KOMMENTAR VON PHILIPP GESSLER

Aber hier soll es nicht um billige Politikerschelte gehen, und natürlich sei versichert, dass die Solidaritätsbekundungen Neuköllner Schüler für die mutmaßlichen (Ehren-)Mörder von Hatun S. in ihrer Dumm- und Rohheit schmerzen. Wie kann es sein, dass solche Jugendliche, die im einigermaßen westlich-zivilisierten Berlin aufgewachsen sind, offenbar nach einem Ehrenkodex ticken, den selbst die meisten Greise in südostanatolischen Dörfern schon für veraltet halten dürften?

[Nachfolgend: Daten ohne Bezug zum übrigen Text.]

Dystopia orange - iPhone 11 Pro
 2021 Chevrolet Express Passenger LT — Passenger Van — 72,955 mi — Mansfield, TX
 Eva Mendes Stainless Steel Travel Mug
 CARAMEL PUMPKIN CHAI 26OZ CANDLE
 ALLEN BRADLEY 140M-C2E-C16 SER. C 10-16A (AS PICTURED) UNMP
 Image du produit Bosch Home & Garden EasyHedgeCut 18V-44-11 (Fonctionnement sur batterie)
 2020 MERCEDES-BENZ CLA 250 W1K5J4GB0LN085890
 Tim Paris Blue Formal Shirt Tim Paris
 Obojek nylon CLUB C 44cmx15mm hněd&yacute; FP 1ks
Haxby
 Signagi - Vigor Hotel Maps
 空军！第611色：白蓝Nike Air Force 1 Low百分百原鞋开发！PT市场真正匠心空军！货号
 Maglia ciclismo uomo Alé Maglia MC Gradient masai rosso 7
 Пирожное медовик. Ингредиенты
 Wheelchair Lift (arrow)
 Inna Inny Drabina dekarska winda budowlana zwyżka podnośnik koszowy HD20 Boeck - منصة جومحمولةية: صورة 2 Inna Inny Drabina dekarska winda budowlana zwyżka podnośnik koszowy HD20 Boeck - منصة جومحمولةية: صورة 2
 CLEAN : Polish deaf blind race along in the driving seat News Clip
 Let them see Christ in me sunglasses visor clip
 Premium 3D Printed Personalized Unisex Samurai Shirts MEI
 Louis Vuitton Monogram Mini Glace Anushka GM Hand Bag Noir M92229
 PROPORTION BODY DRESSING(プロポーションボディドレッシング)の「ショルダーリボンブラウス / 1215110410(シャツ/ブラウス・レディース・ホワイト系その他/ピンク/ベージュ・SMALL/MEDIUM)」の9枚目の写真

Da sind wir wieder bei der Van-Gogh- und Multikulti-Debatte des vergangenen Jahres, die natürlich ohne Ergebnis blieb, weil es bei diesen großen gesellschaftlichen Fragen keine endgültige Antwort geben kann. Deutlich ist nur, dass nun jeder wieder sein Süppchen kocht mit einem Mord, der uns statt zum reflexhaften Reden zum Nachdenken und Trauern verleiten sollte. Der Boulevard fletscht die Zähne, Polithirnis und rechte Demagogen wie Zimmer machen es ihnen nach. Und auch wenn es wirklich einmal an der Zeit wäre, die Einführung von LER voranzutreiben: Die Werteunterrichts-Debatte sollte nicht vor dem Hintergrund dieser Bluttat geführt werden. Aber solche Appelle sind vermutlich zwecklos.